The issues I have raised, though depressing, are worth consideration, as it is not enough to manufacture vaccines or medications and think that patients will use them properly. That has not been the case with any other intervention in public health, because of the complexity of human behaviour. It is tempting to think that a cure will mean the end of HIV/AIDS, but we have cures for malaria, for example, and yet over 3 million deaths occur annually from the disease.

 

Adamson S. Muula
Assistant Lecturer and Registrar in Public Health
University of Malawi College of Medicine
Private Bag 360, Chichiri
Blantyre 3, Malawi
(email: a_muula@yahoo.com)

 

1. AIDS – dramatic surge in ex-Soviet Union, no respite worldwide, new data show. Bulletin of the World Health Organization, 2001, 79: 78.

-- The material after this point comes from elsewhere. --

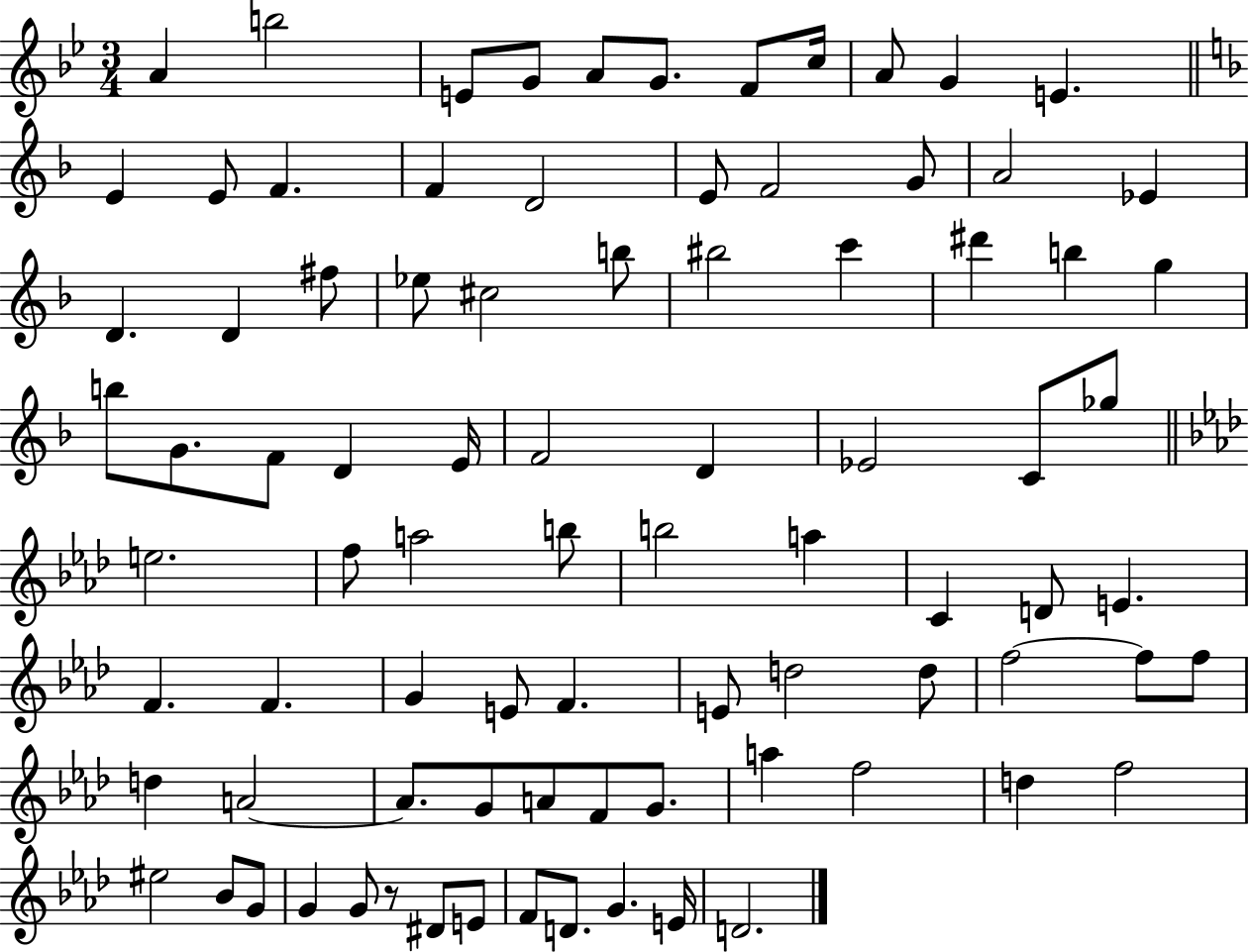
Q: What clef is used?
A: treble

2. Siziya S et al. Risk awareness of HIV/AIDS among commercial farm workers in Zimbabwe. Central African Journal of Medicine, 1999, 45: 316–320.

3. Aamir JK et al. Unsafe injections and the transmission of hepatitis B and C in a periurban community in Pakistan. Bulletin of the World Health Organization, 2000, 78: 956–963.

4. Mylonakis E et al. Laboratory testing for infection with HIV: established and novel approaches. American Journal of Medicine, 2000, 109: 568–567.

5. Indalo A et al. Antibiotic sale behaviour in Nairobi: a contributing factor to antimicrobial drug resistance. East African Medical Journal, 1997, 74: 171–173.

6. Nyazema NZ et al. Antiretroviral (ARV) drug utilisation in Harare. Central African Medical Journal, 2000, 46: 89–93.